One highlight of my research stay in Paris was that we recorded from mouse lemur retinae. Close to Paris, there is a mouse lemur colony, which has been able to breed them since the 70s. The special aspect about mouse lemurs is that they are the smallest living primates with a total body size of less than 27cm.
The working environment in the lab of Olivier Marre was very vivid and enabled a productive exchange of knowledge. I received a lot of useful input regarding my project and was supported in any possible way. Additionally, I have been able to further develop and improve my analytical and quantitative skills.
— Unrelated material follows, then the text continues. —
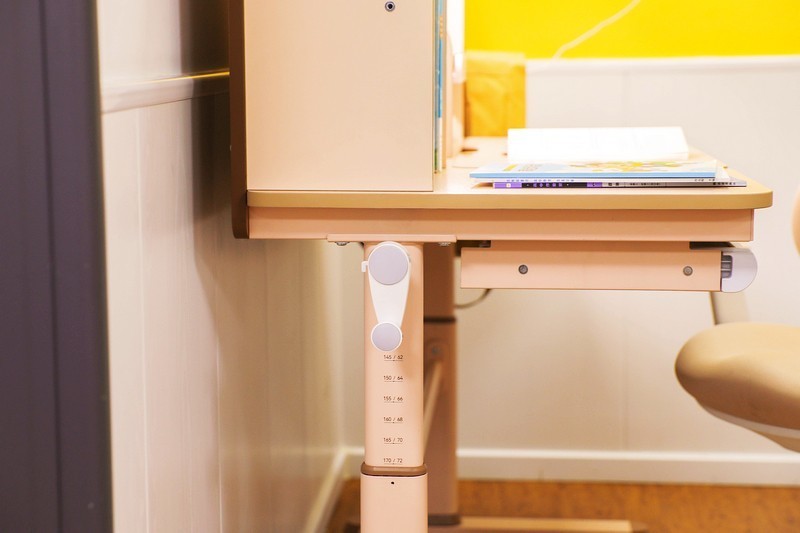 颠覆传统书桌 作业帮AI学习桌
Aside the research in the lab, I could enjoy all facets of Paris by visiting many of its museums such as the L’Orangerie and Grande Galerie de l’Évolution. Also, I could learn and practice a little French.
I would like to thank the GRK 2381 for providing financial support for my research stay in the beautiful city of Paris.
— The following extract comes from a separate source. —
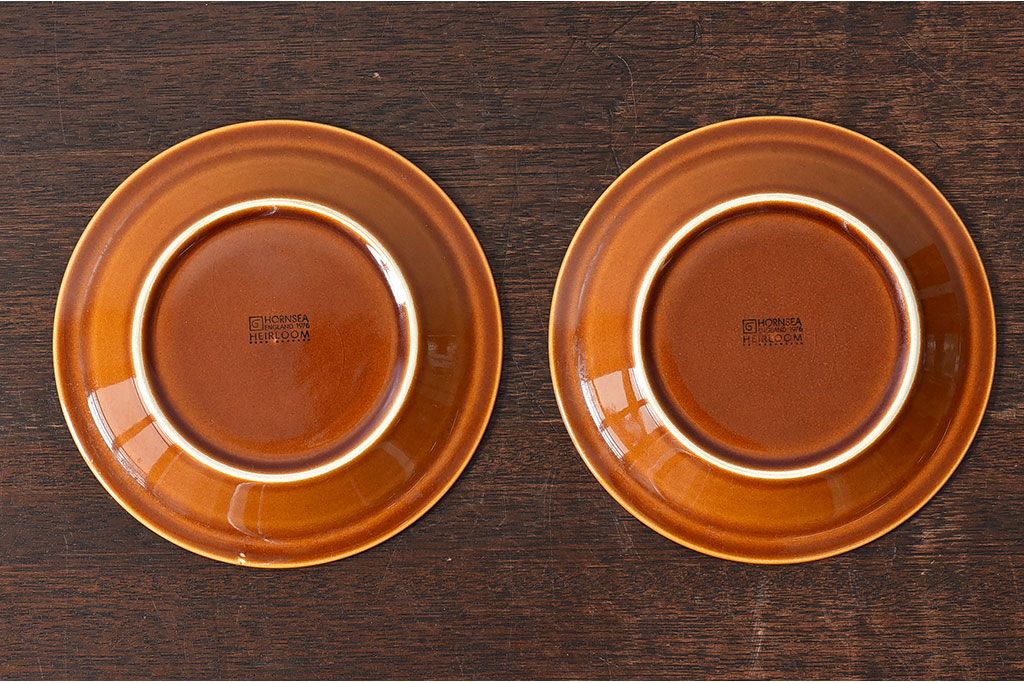 アンティーク雑貨　イギリスビンテージ　HORNSEA(ホーンジー)HEIRLOOM(エアルーム)シリーズ　カップ&ソーサー2客セット(洋食器)(2)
Research Stay Montpellier, France 2021
Doctoral Fellow: Philine Marchetta (1st Cohort)
From September to December 2021, I had the pleasure to work in the laboratory of Prof. Dr. Jean-Luc Puel at the Institute of Neuroscience in Montpellier. Prof. Puel leads the research team "Audition", which among others deals with the logic of sound coding.
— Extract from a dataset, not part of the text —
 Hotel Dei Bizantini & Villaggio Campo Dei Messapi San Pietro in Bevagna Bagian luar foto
One of the mouse models I used during my PhD is the BdnfPax2 KO mouse, which has normal "basic auditory function" but reduced precise temporal auditory resolution that affects cognition and behavior (Eckert, Marchetta et al. 2021, Front. Mol. Neurosc.). My aim was to determine the (dys)function of afferent auditory nerve fibers (ANFs) in these animals, which represent the first postsynaptic contact to sensory hair cells in the cochlea, the inner hair cells. These ANFs can be classified in fibers with a high spontaneous firing rate that have a low detection threshold and others with a low spontaneous firing rate and a high threshold – both of them are important for sound coding of the entire dynamic range. While single ANF recording is very complicated in mice and also too invasive for non-final experiments, the Puel-lab constructed a good alternative. Here the neuronal activity was measured at the round window of the cochlea as a peri-stimulus time response (PSTR) (Huet et al. 2022, J. Neurosci). With the help of Dr. Jérôme Bourien and Dr. Artem Diuba, I improved my round-window-surgery skills in mice, learned how to set the measurement parameters to measure PSTR and did the corresponding data analysis in MatLab.
With the PSTR, I learned a valuable technique, which I am now establishing in our lab in Tübingen. In addition, good scientific contacts were made with Montpellier, and of course I enjoyed the beautiful Camargue and learned a little French on the side.
I would like to thank the GRK 2381 for providing financial support for this research stay.